Senate Agriculture Committee Hearing Addresses Small Farm vs. Large Farm Rhetoric

Senator Hyde-Smith meets with some of her rice growing constituents at last month's fly-in
Mar 16, 2023
WASHINGTON, DC – Today, the Senate Committee on Agriculture, Nutrition, and Forestry held a hearing on the Oversight of the U.S. Department of Agriculture (USDA) with Secretary Tom Vilsack as the sole witness, his first appearance before the Committee during the 118th Congress.

While, many Senators focused on USDA’s handling of climate and conservation programs, food and nutrition programs, and the delivery of technical assistance to producers, rice state Senator Cindy Hyde-Smith (R-MS) encouraged the Secretary to maintain Congress’s intent of farm safety programs by treating all sizes of farms the same.

“This administration has repeatedly emphasized its desire to help small and organic farmers and hobby farmers which you also indicated in your testimony... When you walk down the cereal aisle of your grocery store…and when you walk down the flour aisle, and the rice aisle, you realize our job is to feed this country and to feed this world…” began Senator Hyde-Smith.

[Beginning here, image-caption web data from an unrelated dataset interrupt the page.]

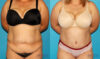 Tummy Tuck case #7167 slider thumbnail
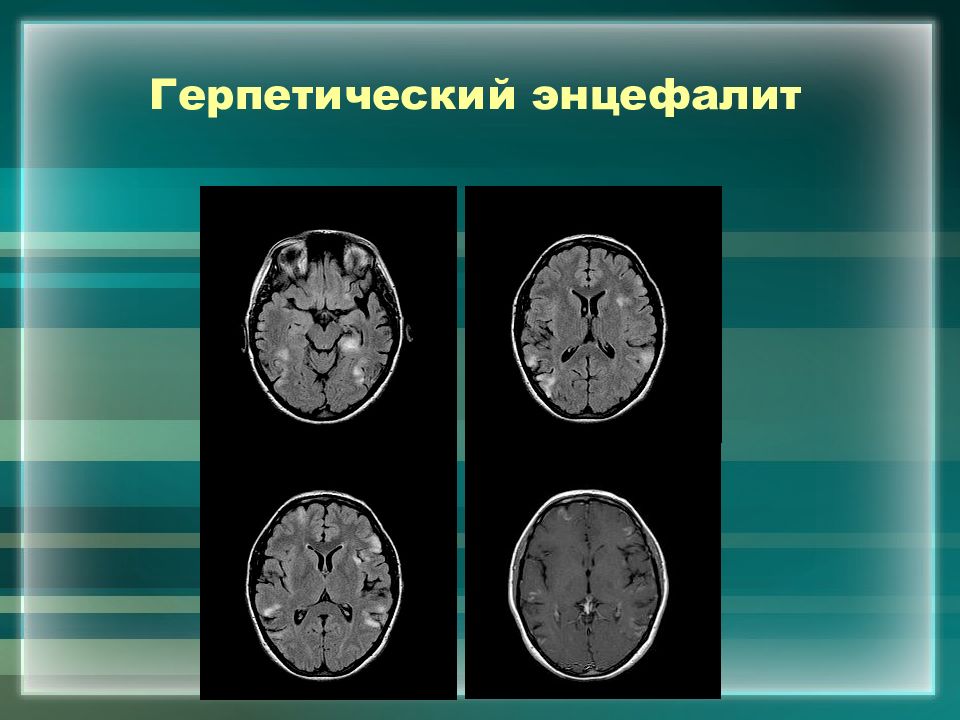 Энцефалит мрт картина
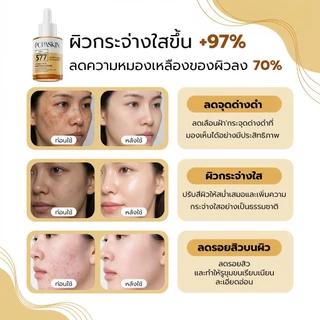 POPASKIN 577+377 Radiance Glow Serum เซรั่มผิวขาว ลดรอยสิว ผิวกระจ่างใส ฉ่ำโกลว์ ลดผิวหมองคล้ำ ลดจุดด่างดำ ผิวกระจก 30ML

“According to USDA’s Economic Research Service, three percent of U.S. farms, the large family farms, are responsible for 47 percent of production to feed this country.  Larger operations allow farmers to capitalize on the benefits of economies of size and efficiencies as they work to feed and clothe this world.  And they are the primary reason America is home to the most efficient and sustainable agriculture production system this world has ever known.,” Hyde-Smith continued.  “The farm safety net exists to ensure that we have that safe, affordable, and nutritious food supply that is produced in the U.S. and our success ensures we don’t become a country dependent on imports for everything, especially our food supply.  The farm safety net consists of programs that provide economic viability not only to the producers but also the rural communities they live in and support.  As we look to the next farm bill, what assurances can you give us that USDA will act according to the intent of Congress when administrating farm safety net programs?  I know this is a tremendously delicate balance that you have there, but my concern is truly feeding the masses.”

In response, Vilsack assured the committee that his goal was to “keep people on the farm.”

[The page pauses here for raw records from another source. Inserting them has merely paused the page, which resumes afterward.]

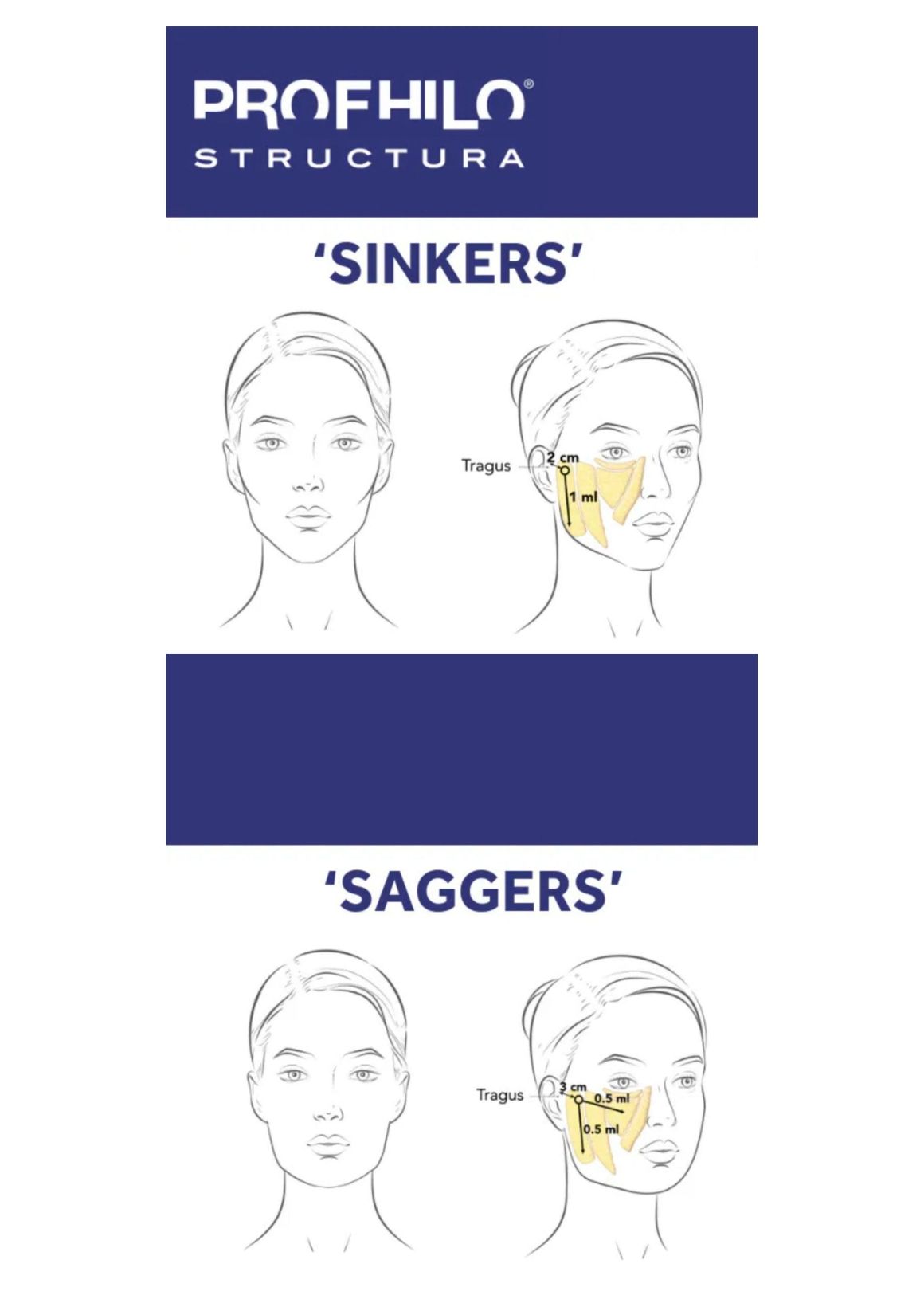نحوه تزریق پروفایلو استراکچرا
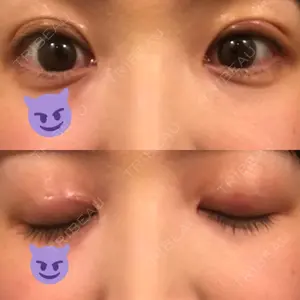 口コミ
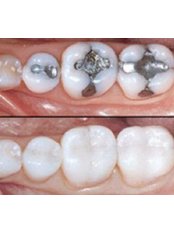 Chipped Tooth Repair - dentalcosmeticturkey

Senator John Boozman (R-AR), Ranking Member of the Committee, also touched on this point during his opening statement, saying, “While 89 percent of the farms in the U.S. are classified as small by USDA and contribute nearly 18 percent of farm production, there are 3.2 percent of farms, classified as large, that contribute 46.5 percent of our nation’s farm production.  All farms are valuable.  This farm bill will not neglect the small nor punish the large.”